It is also called the Maned Duck or Australian Wood Duck, since it is one of those waterfowl, like an Egyptian Goose, that doesn't quite fit either category. Its taxonomic name is Chenonetta jubata. It doesn't have much of a mane, just a patch of dark feathers on the back of its neck that can be raised.
The Scaup was still on the Round Pond, but again right in the middle, and I will spare you the dull picture I took.
Today I met Jeffrey Martin, who studies owls and wrote an article in the August 2014 issue of British Wildlife featuring our own Tawnies. I took him and his wife to see the owl, and the inconsiderate creature, which had been visible earlier, had gone in.
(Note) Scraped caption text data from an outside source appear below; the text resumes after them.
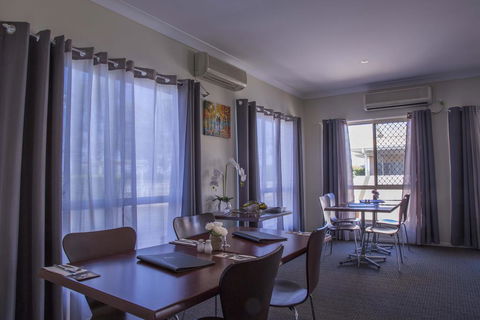 Country Roads Motor Inn - Stayed 2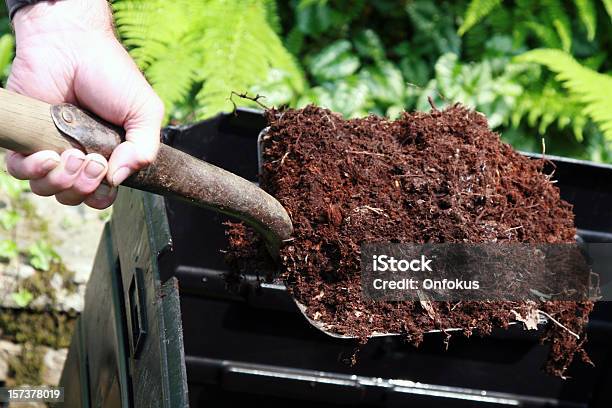 Ręka Gospodarstwa Łopata Pełne Kompost Domu Kompostowanie - zdjęcia stockowe i więcej obrazów Nawóz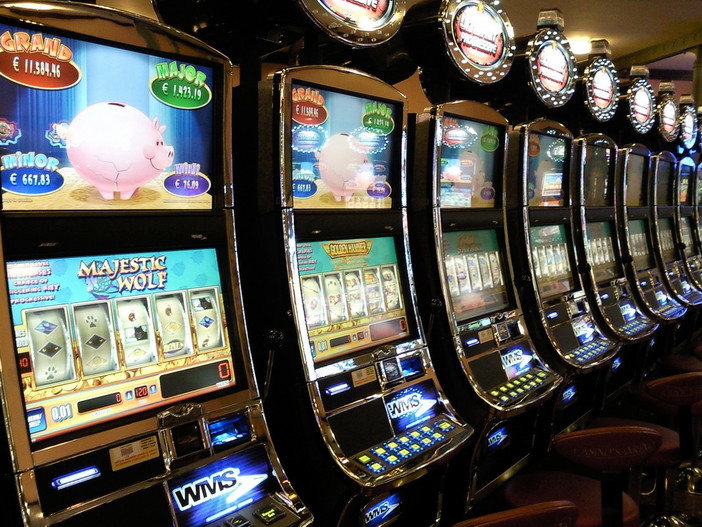 Sanremo: al Casinò la dea bendata bacia i 50enni, sei jackpot da complessivi 94.000 euro. Resiste il 'Super Jackpot' da 677.000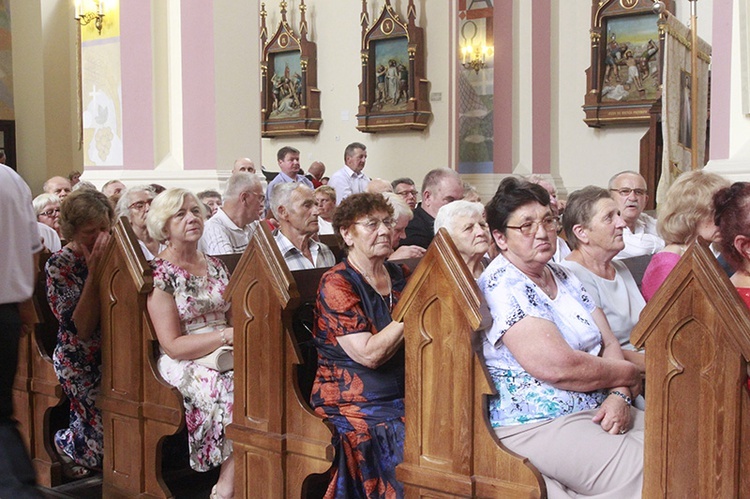 Konsekracja ołtarza w Olbierzowicach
So we went to see the Little Owl, who wouldn't look out of the hole.
After they had gone, both birds reappeared.
Well, birdwatching is like that.
The Starlings on the Tawny Owls' tree are stll holding on to their nest hole, though the way this one was clinging close to the entrance seemed to show that they had been having trouble with Ring-Necked Parakeets.
The pigeon-eating Lesser Black-Backed Gulls were sharing the male's latest kill next to the Dell restaurant, despite crowds of people and Mute Swans milling around them.
In the little pool at the top of the Dell, a Wren was clinging tightly to a slippery rock to have a drink.
Several more Red-Crested Pochards have reappeared on the Serpentine as mysteriously as they left. They have probably been in Regent's Park, where there are quite a lot of these birds.
The young Grey Wagtail showed up again, after keeping out of sight for weeks. It was running along the edge of the Lido.